Based on its corporate mission to create a “sustainable, human-centered future” through its products, Hyundai Motor Company has been providing various cultural and artistic supports. Instead of opening its own art museums or galleries, Hyundai has been supporting the works of numerous artists through different art institutions with the aim of providing a variety of experiences to a larger audience.

The company has entered into two partnerships with the National Museum of Modern and Contemporary Art (MMCA) to support the artistic activities of established and emerging Korean artists.

MMCA Hyundai Motor Series for Established Korean Artists
Yeondoo Jung, Exhibition View: Crow's Eye View, 2022, Immersive Video, 5K, Color, Sound, 14min 16sec. Courtesy of the artist and the Ulsan Art Museum, Ulsan, Korea.

On March 6, Yeondoo Jung was selected as the artist for the 2023 edition of the MMCA Hyundai Motor Series exhibition, which is sponsored by Hyundai Motor Company and organized by the National Museum of Modern and Contemporary Art.

Every year, the MMCA Hyundai Motor Series selects one Korean artist or group with a solid reputation in the art world both inside and outside Korea. Hyundai has been supporting the museum with up to 900 million KRW each year to provide the selected artists with the opportunity to create large-scale new works. Through this partnership, Hyundai and the MMCA seek to maximize the artist’s capabilities, establish a new turning point for the artist’s work, and, at the same time, infuse vitality into Korean contemporary art. Moreover, the MMCA Hyundai Motor Series aims to broaden the horizons of Korean contemporary art and increase the international recognition of these Korean artists.

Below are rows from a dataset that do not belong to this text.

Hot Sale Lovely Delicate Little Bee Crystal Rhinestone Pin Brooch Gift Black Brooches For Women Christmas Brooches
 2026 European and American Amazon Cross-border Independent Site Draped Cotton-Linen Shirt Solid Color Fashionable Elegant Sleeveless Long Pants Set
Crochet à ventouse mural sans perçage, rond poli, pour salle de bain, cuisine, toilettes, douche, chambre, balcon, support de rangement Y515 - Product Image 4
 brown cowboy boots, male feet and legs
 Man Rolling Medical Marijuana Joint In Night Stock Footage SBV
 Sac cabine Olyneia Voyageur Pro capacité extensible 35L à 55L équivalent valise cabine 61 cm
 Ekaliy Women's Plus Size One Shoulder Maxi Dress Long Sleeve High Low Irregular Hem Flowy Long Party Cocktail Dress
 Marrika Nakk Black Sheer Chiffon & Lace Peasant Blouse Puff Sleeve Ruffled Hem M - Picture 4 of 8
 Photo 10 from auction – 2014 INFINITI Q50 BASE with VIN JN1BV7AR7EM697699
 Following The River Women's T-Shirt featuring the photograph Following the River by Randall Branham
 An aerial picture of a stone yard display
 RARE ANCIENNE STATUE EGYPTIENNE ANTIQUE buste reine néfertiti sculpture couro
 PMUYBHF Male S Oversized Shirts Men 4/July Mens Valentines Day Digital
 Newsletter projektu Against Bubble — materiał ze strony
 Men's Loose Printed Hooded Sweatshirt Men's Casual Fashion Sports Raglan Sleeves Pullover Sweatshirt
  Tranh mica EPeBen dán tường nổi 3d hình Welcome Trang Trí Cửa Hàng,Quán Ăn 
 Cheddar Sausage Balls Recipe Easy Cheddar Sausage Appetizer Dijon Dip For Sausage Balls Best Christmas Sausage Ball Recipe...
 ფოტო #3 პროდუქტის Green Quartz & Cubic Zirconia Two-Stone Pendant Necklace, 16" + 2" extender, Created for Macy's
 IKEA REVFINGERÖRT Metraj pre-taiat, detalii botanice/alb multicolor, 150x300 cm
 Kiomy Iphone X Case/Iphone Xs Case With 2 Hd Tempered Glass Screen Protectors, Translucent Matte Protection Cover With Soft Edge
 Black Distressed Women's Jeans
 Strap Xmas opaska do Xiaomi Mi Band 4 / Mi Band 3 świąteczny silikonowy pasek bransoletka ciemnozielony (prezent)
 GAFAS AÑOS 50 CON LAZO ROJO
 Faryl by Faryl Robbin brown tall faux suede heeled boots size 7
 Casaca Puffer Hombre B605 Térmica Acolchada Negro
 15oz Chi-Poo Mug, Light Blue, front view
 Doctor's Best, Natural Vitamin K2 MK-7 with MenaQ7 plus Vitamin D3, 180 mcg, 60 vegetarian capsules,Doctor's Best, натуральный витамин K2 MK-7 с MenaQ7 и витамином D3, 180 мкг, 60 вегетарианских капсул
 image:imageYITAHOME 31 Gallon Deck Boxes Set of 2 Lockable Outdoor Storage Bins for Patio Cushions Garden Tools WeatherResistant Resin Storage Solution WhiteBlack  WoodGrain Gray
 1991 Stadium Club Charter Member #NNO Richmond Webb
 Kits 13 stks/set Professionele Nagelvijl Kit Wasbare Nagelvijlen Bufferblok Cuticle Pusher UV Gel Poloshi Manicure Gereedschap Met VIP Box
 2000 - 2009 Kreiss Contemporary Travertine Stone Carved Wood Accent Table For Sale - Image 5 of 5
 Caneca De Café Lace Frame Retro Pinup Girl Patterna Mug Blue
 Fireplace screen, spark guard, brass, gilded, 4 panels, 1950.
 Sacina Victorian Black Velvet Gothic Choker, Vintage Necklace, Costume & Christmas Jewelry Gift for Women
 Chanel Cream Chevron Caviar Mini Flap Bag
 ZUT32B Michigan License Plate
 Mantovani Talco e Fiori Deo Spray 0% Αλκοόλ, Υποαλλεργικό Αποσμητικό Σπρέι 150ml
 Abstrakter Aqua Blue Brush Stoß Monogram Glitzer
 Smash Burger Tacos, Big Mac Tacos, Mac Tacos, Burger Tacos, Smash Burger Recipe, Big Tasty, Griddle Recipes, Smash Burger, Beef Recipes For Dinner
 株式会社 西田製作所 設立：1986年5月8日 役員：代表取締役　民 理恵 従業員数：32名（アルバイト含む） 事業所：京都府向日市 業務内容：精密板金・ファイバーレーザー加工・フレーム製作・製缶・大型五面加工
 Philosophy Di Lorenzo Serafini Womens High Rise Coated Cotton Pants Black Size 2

The MMCA Hyundai Motor Series first invited Lee Bul in 2014, followed by Ahn Kyuchul in 2015, Kimsooja in 2016, IM Heung-soon in 2017, Choi Jeong-Hwa in 2018, Park Chan Kyong in 2019, Haegue Yang in 2020, MOON Kyungwon & JEON Joonho in 2021, and Choe U-Ram in 2022.

Yeondoo Jung. Photography by Choi Chulim.

This year’s artist, Yeondoo Jung (b. 1969), has received numerous good reviews from both the Korean and international art worlds for his works encompassing photography, video, and installation that question the relationship between reality, image, illusion, and the individual and society.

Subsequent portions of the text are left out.